Thursday, October 25, 2007

Gratuitous Post

This post has nothing to do with shocks or trends, except to the extent it's shocking I got so close to two Nashville Predators Cheerleaders. Who knew the NHL had cheerleaders? What other surprises lurk in the battlespace?

Tuesday, October 23, 2007

Netroots, meet world

There's bit a great deal of discussion about the netroots concept in terms of a U.S. elections and domestic policy, but are there larger, strategic implications?

I ask this because recently I attend a showing of the documentary "The Devil Came on Horseback" about an observer to the cease fire in Sudan. After the showing of the film, there was a discussion period with the audience and several traditional grassroots organizations. The head of the local chapter of Amnesty International, STAND (Students for Taking Action Now in Darfur), and a few other smaller peace organizations were there.

The discussion, somewhat predictably with an audience of mostly true believers, largely stuck to safe ground: the tragedy of it all, the way the Iraq war has hamstrung the U.S. from perhaps a more constructive role, the fact that the troubles of Lindsay Lohan and Paris Hilton get more attention than the dying in Sudan.

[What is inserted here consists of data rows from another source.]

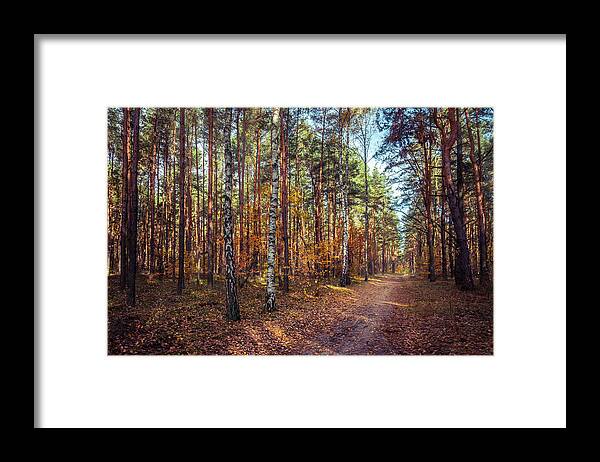 Poland Framed Print featuring the photograph Pathway in the autumn forest by Dmytro Korol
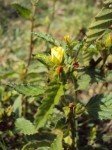 common-wireweed-2 common-wireweed-2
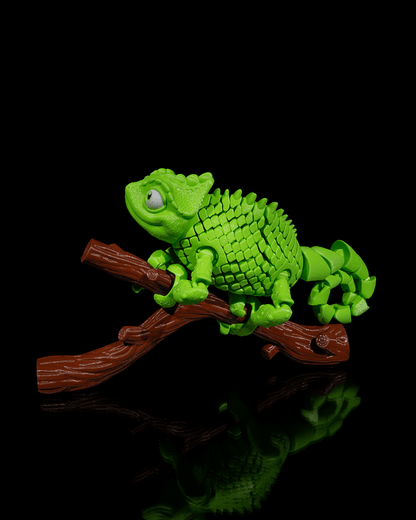 Chameleon Fidget Toy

But then an older gentelman stood up and proposed that if the U.S. was too short on troops, perhaps Americans should head over with guns themselves. Surprisingly, this was not greeted with outright derision and indeed, the next speaker not only seconded that motion, but went on to call for action with words to the effect of "If the U.S. government won't do anything, then by golly the American people should raise the money and hire Blackwater and send them ourselves."

And the crowd applauded.

So, I would then ask - while this might seem absurd on the surface - paying someone else to fight a war- is it entirely so? Could a grassroots/netroots campaign build the kind of support where people are willing to pay for such action? Could the people, in effect, take control of foreign policy in some circumstances?

Blackwater, for example has received an estimated $300 billion in contracts since the outset of the Iraq war. Is it inconceivable that a George Soros or other geo-political extraterratorial actor could lead such a charge?

Friday, October 5, 2007

Back to Mahan?

Another very important article from Robert Kaplan. America's Elegant Decline revisits the question of our ability to shape events in the Eurasian mainland. Our military power far exceeds that of any combination of opponents. However, in terms of demographics and economic prowess, the U.S. is entering a phase where others are catching up, and eventually, our military ability to shape events will reflect this reality.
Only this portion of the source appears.